What is required —
Reproduce the records exactly.

Collected data:
- - - - - - -
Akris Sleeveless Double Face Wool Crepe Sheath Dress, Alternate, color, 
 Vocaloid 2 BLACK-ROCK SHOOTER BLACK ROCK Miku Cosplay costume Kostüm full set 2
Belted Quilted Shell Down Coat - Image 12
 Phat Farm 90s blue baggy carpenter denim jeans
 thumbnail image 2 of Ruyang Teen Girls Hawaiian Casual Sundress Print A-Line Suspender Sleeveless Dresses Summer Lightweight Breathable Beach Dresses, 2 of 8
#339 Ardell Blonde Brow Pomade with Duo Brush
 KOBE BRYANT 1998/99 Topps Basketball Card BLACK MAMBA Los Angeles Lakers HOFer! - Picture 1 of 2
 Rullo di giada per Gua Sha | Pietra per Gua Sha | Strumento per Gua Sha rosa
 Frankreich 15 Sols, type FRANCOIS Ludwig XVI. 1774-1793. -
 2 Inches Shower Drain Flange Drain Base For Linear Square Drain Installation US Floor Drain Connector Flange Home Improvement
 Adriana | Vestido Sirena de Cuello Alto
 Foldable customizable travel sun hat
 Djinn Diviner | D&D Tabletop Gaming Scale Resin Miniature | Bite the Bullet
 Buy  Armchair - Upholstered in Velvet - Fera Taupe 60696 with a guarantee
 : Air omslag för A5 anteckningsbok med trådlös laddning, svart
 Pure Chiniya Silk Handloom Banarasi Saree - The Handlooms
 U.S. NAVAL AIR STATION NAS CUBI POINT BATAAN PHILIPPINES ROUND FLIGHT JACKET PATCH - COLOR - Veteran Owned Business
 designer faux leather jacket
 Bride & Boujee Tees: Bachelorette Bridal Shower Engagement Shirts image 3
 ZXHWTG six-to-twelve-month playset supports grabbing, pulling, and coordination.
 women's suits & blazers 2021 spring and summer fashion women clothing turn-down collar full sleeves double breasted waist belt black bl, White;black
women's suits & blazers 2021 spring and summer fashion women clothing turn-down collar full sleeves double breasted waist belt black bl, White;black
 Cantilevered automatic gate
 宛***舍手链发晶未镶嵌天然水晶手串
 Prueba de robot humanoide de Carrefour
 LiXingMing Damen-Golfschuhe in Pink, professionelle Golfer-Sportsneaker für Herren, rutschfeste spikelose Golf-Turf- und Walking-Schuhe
- - - - - - -
Exercise output —
Akris Sleeveless Double Face Wool Crepe Sheath Dress, Alternate, color, 
 Vocaloid 2 BLACK-ROCK SHOOTER BLACK ROCK Miku Cosplay costume Kostüm full set 2
Belted Quilted Shell Down Coat - Image 12
 Phat Farm 90s blue baggy carpenter denim jeans
 thumbnail image 2 of Ruyang Teen Girls Hawaiian Casual Sundress Print A-Line Suspender Sleeveless Dresses Summer Lightweight Breathable Beach Dresses, 2 of 8
#339 Ardell Blonde Brow Pomade with Duo Brush
 KOBE BRYANT 1998/99 Topps Basketball Card BLACK MAMBA Los Angeles Lakers HOFer! - Picture 1 of 2
 Rullo di giada per Gua Sha | Pietra per Gua Sha | Strumento per Gua Sha rosa
 Frankreich 15 Sols, type FRANCOIS Ludwig XVI. 1774-1793. -
 2 Inches Shower Drain Flange Drain Base For Linear Square Drain Installation US Floor Drain Connector Flange Home Improvement
 Adriana | Vestido Sirena de Cuello Alto
 Foldable customizable travel sun hat
 Djinn Diviner | D&D Tabletop Gaming Scale Resin Miniature | Bite the Bullet
 Buy  Armchair - Upholstered in Velvet - Fera Taupe 60696 with a guarantee
 : Air omslag för A5 anteckningsbok med trådlös laddning, svart
 Pure Chiniya Silk Handloom Banarasi Saree - The Handlooms
 U.S. NAVAL AIR STATION NAS CUBI POINT BATAAN PHILIPPINES ROUND FLIGHT JACKET PATCH - COLOR - Veteran Owned Business
 designer faux leather jacket
 Bride & Boujee Tees: Bachelorette Bridal Shower Engagement Shirts image 3
 ZXHWTG six-to-twelve-month playset supports grabbing, pulling, and coordination.
 women's suits & blazers 2021 spring and summer fashion women clothing turn-down collar full sleeves double breasted waist belt black bl, White;black
women's suits & blazers 2021 spring and summer fashion women clothing turn-down collar full sleeves double breasted waist belt black bl, White;black
 Cantilevered automatic gate
 宛***舍手链发晶未镶嵌天然水晶手串
 Prueba de robot humanoide de Carrefour
 LiXingMing Damen-Golfschuhe in Pink, professionelle Golfer-Sportsneaker für Herren, rutschfeste spikelose Golf-Turf- und Walking-Schuhe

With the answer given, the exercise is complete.